Move slow and break nothing


Facebook Messenger was down for me for about an hour earlier this week. My MacBook Pro randomly kernel panics overnight and restarts. Slack was down, and Github, and AWS. A little more than a year ago, Dyn went down, throwing the DNS layer of the internet into a tailspin. Practically every chip made by Intel has serious security flaws. Equifax leaked 143 million accounts. Tokyo-based Coincheck lost over $400 million in tokens due to hackers.

If software is eating the world, then that might explain why everything seems so ridiculously broken these days.

It’s easy to just blame companies, or hackers, or software engineers, and it’s just as easy to just give up and believe that nothing is going to get better and revert to a pre-agrarian society. What we have is a real crisis in reliability, not just across software, but across our entire society.

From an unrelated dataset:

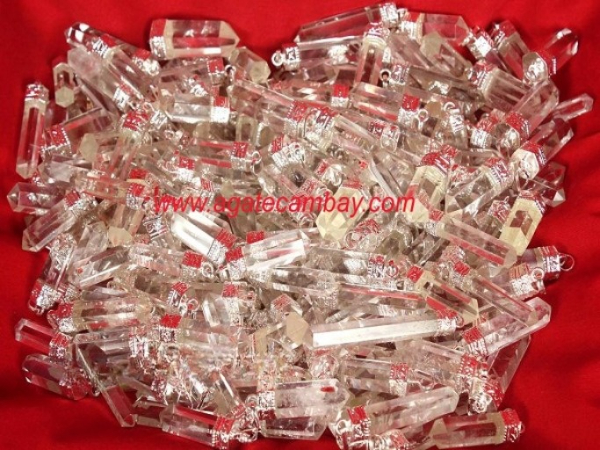 Clear Quartz Pencil Point Pendant With Silver Plated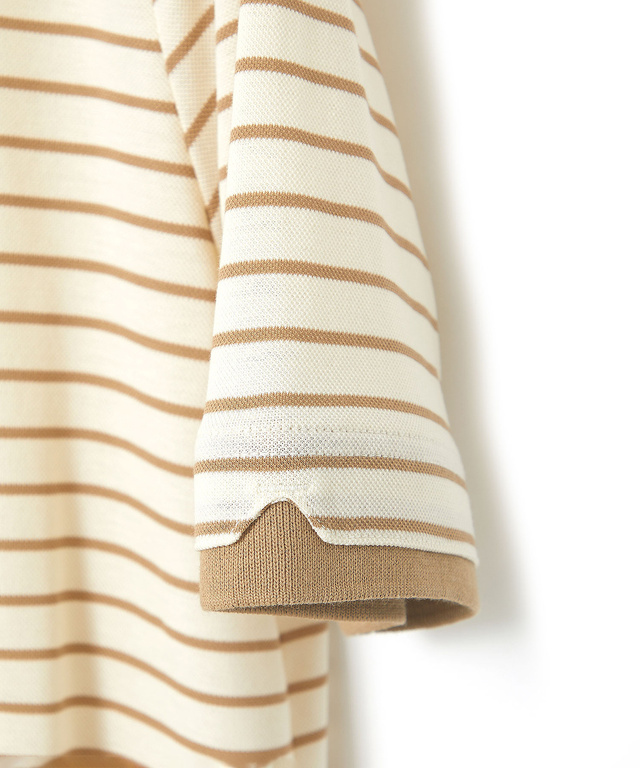 スノーコットン 鹿の子ボーダー Tシャツ【接触冷感】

Even the U.S. government had some serious downtime this week.

What’s going on is that we have greatly increased the magnitude of complexity of our society’s systems, even as we couple them more tightly together. Charles Perrow, a sociology professor at Yale, described the combination of these two as “normal accidents” in an eponymous book. It’s an oxymoronic term for a very intelligent observation: that what we think of as “accidents” or crashes or bugs are really quite common and indeed, inevitable, given the design of systems that we rely on.

Complex systems are ones in which changes, even small ones, can have disproportionate effects on the outcome of a system. Take last year’s downtime of S3, Amazon’s storage layer. According to Amazon’s after action report: “an authorized S3 team member using an established playbook executed a command which was intended to remove a small number of servers for one of the S3 subsystems that is used by the S3 billing process. Unfortunately, one of the inputs to the command was entered incorrectly and a larger set of servers was removed than intended.”

Amazon has fixed the issue and put in new safeguards to make sure such a change can’t happen again. That’s fantastic, and Amazon should be lauded for writing up and disclosing a comprehensive report on the error. But this was a “normal accident” — the sheer complexity of Amazon’s services means that the surface area of things that can go wrong is practically infinite.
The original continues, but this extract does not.